== EXERCISE AIM ==
Print all entries below exactly, without images.

== SUPPLIED ENTRIES ==
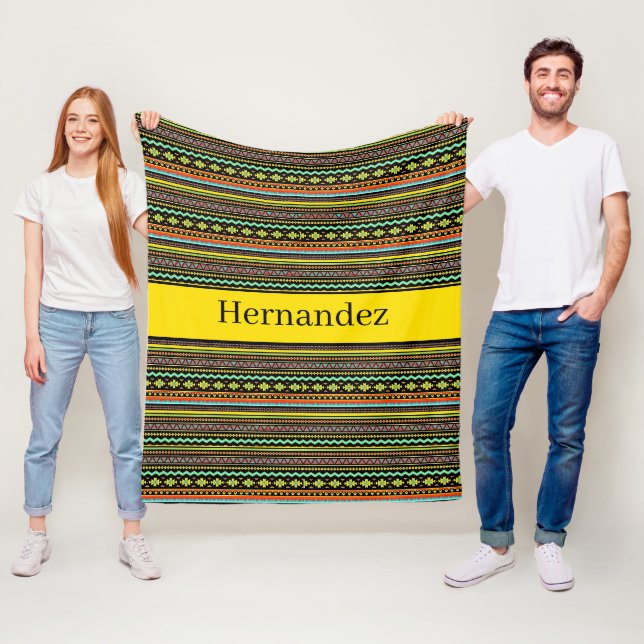 Personalized dark southwest pattern fleece blanket (In Situ)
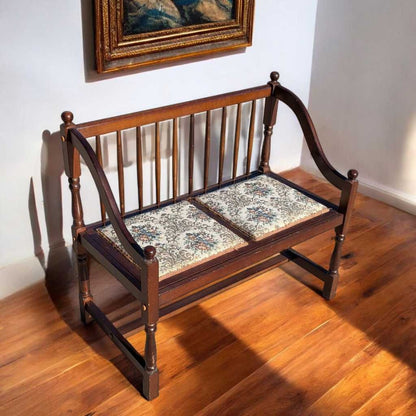 Vintage Spindle Back Wood Settee – Floral Upholstered Bench with Curved Arms, Entryway or Hall Seating
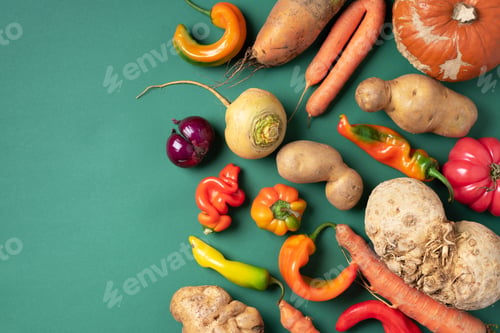 Preview: Trendy ugly organic vegetables. Assortment of fresh eggplant, onion, carrot, zucchini, potatoes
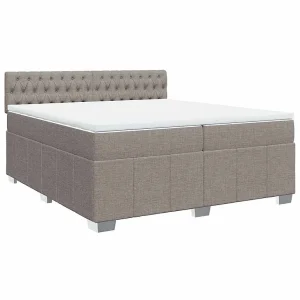 Boxspring met matras stof taupe 200×200 cm Boxspring met matras stof taupe 200×200 cm
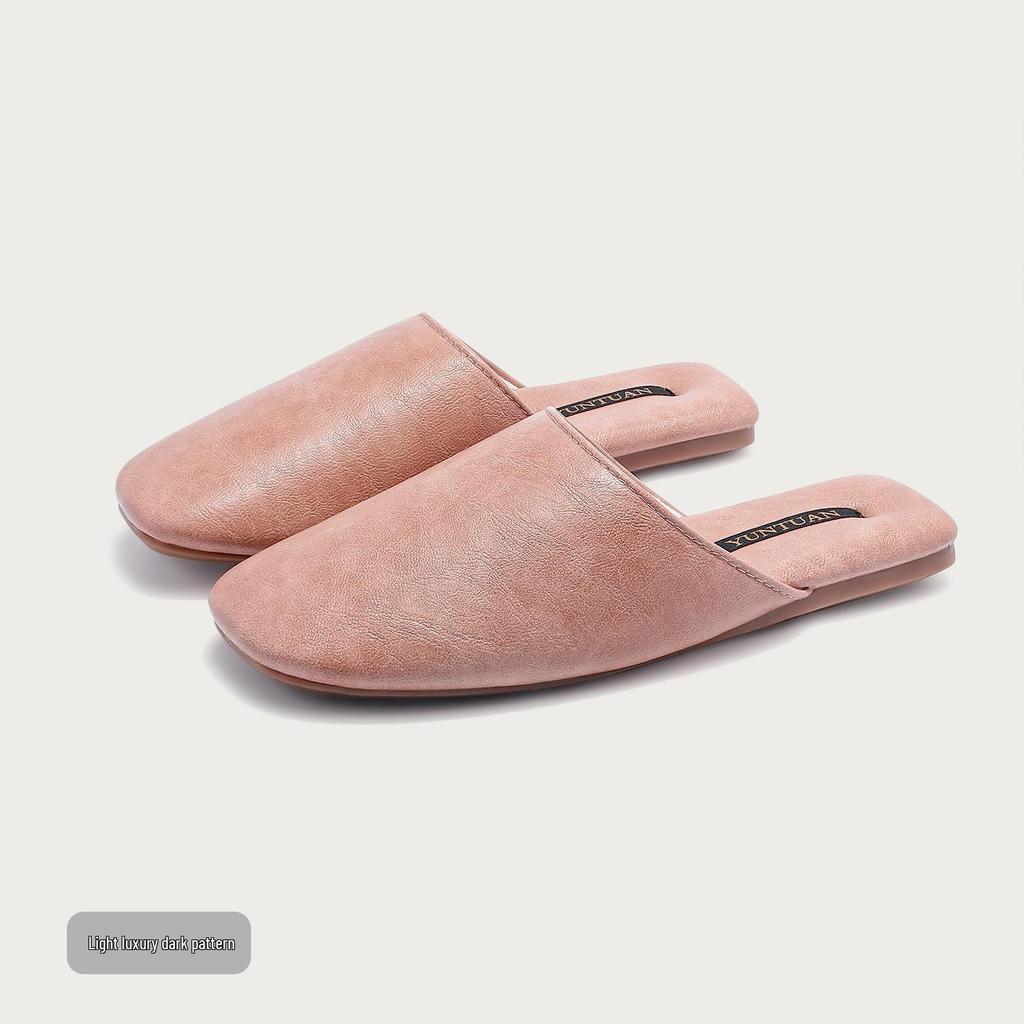 Cloud Group Autumn Minimalist Leather Slippers: Unisex, Non-Slip, All-Season Indoor Shoes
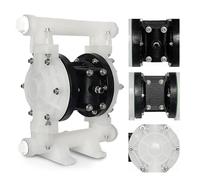 EMAGENE Air-Operated Double Diaphragm Pump, 1/2 inch inlet and outlet, polypropylene body, 9GPM and Max 100pSI for solvent and Industrial Use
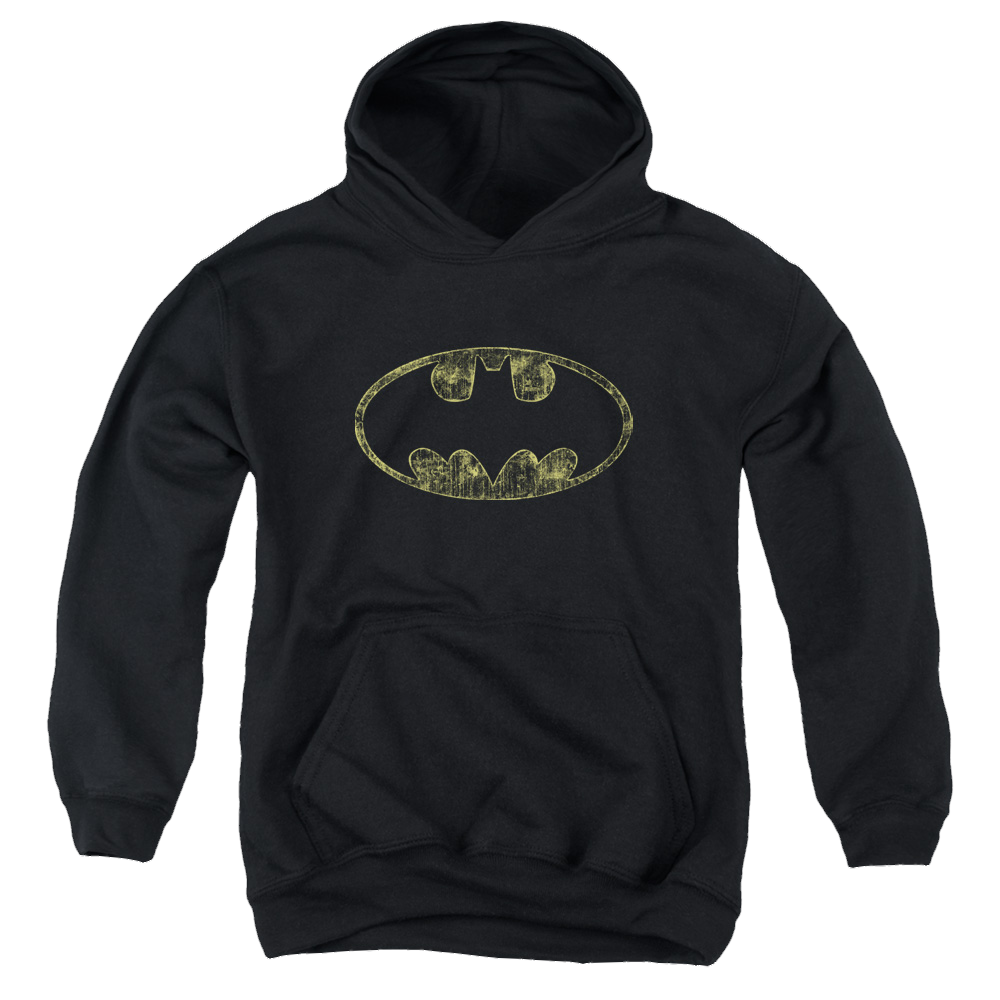 DC Batman Tattered Logo - Youth Hoodie Youth Hoodie (Ages 8-12) Batman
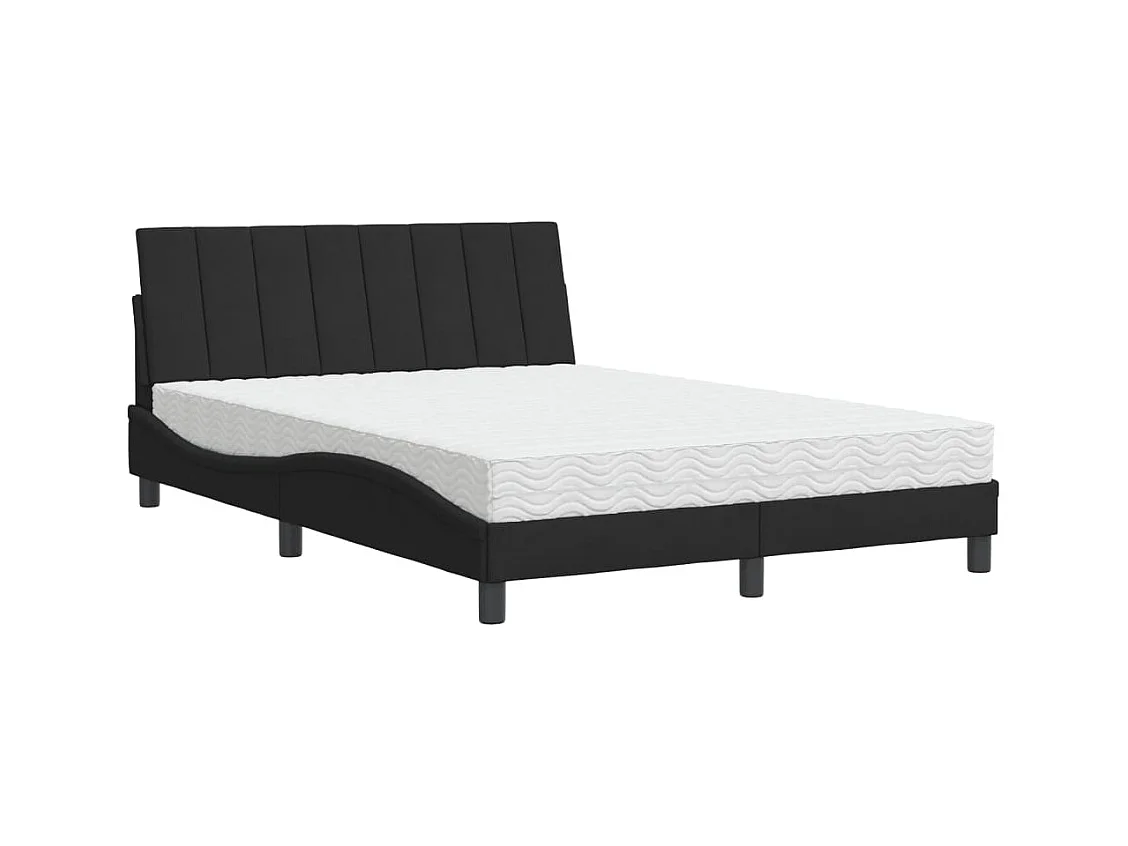 Lit avec matelas Hanko noir 140x190 cm velours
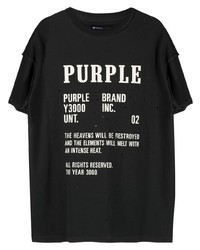 schwarzes und weißes bedrucktes T-Shirt mit einem Rundhalsausschnitt von purple brand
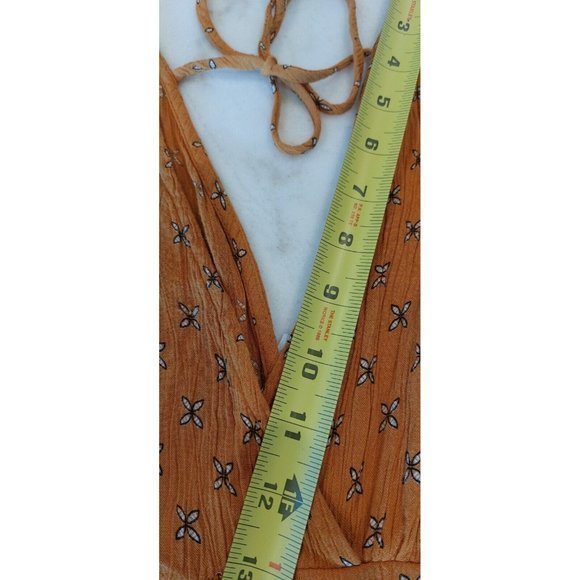 Patrons of Peace Womens Yellow Mustard Flutter Sleeve Jumpsuit Size S Back Tie - Picture 10 of 11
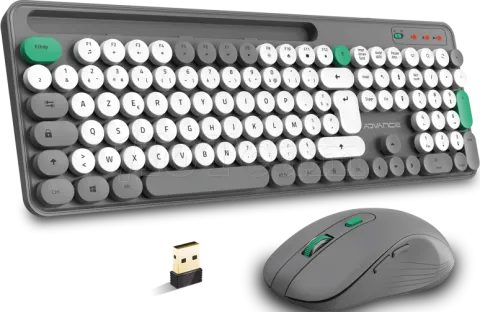 Photo de Pack 2en1 (Clavier/Souris) sans fil Advance Pep'S (Gris/Blanc)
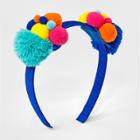 Girls' Pom Ears Headband - Cat & Jack Blue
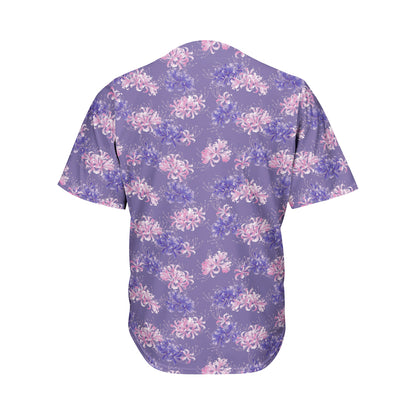 Pink And Purple Japanese Amaryllis Print Men's Baseball Jersey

== ANSWER SPACE ==
 Personalized dark southwest pattern fleece blanket (In Situ)
 Vintage Spindle Back Wood Settee – Floral Upholstered Bench with Curved Arms, Entryway or Hall Seating
 Preview: Trendy ugly organic vegetables. Assortment of fresh eggplant, onion, carrot, zucchini, potatoes
 Boxspring met matras stof taupe 200×200 cm Boxspring met matras stof taupe 200×200 cm
 Cloud Group Autumn Minimalist Leather Slippers: Unisex, Non-Slip, All-Season Indoor Shoes
 EMAGENE Air-Operated Double Diaphragm Pump, 1/2 inch inlet and outlet, polypropylene body, 9GPM and Max 100pSI for solvent and Industrial Use
 DC Batman Tattered Logo - Youth Hoodie Youth Hoodie (Ages 8-12) Batman
 Lit avec matelas Hanko noir 140x190 cm velours
 schwarzes und weißes bedrucktes T-Shirt mit einem Rundhalsausschnitt von purple brand
 Patrons of Peace Womens Yellow Mustard Flutter Sleeve Jumpsuit Size S Back Tie - Picture 10 of 11
 Photo de Pack 2en1 (Clavier/Souris) sans fil Advance Pep'S (Gris/Blanc)
 Girls' Pom Ears Headband - Cat & Jack Blue
 Pink And Purple Japanese Amaryllis Print Men's Baseball Jersey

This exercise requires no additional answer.